Each line from the one containing "MKJ1C7W13-37DA -[全新CONN RCPT" through the end of the entries below should be transcribed exactly, and no other line.

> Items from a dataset
________

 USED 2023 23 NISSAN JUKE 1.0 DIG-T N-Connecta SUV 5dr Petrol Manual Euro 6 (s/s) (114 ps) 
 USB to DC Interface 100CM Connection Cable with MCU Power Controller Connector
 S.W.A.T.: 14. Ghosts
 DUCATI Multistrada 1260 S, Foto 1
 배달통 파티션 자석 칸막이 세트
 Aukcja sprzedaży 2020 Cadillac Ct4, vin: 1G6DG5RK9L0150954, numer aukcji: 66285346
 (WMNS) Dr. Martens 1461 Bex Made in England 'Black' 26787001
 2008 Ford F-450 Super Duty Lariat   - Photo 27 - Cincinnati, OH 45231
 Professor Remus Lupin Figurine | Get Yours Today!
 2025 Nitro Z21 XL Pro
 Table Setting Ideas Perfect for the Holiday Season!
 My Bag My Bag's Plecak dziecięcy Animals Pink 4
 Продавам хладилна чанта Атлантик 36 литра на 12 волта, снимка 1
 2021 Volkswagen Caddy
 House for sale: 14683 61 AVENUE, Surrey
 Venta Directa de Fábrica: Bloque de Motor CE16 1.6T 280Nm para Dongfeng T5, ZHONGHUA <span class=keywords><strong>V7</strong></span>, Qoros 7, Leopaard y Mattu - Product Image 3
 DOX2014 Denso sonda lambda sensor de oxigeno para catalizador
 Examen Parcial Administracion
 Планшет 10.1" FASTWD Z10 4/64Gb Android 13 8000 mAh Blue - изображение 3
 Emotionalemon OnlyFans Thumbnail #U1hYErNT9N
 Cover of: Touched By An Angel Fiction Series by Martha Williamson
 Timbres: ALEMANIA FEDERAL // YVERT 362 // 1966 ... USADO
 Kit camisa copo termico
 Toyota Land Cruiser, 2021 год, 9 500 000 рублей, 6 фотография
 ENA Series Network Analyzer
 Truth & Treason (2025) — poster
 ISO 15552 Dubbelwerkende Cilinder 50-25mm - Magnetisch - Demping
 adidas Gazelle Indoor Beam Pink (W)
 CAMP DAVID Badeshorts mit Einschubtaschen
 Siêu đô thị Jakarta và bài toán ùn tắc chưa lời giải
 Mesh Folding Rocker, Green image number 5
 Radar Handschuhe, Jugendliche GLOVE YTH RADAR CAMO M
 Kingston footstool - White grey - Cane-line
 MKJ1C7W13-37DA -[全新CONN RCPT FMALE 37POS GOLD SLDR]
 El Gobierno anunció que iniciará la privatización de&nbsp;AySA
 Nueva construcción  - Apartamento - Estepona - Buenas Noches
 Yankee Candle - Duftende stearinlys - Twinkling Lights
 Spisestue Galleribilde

________

> Written response
 MKJ1C7W13-37DA -[全新CONN RCPT FMALE 37POS GOLD SLDR]
 El Gobierno anunció que iniciará la privatización de&nbsp;AySA
 Nueva construcción  - Apartamento - Estepona - Buenas Noches
 Yankee Candle - Duftende stearinlys - Twinkling Lights
 Spisestue Galleribilde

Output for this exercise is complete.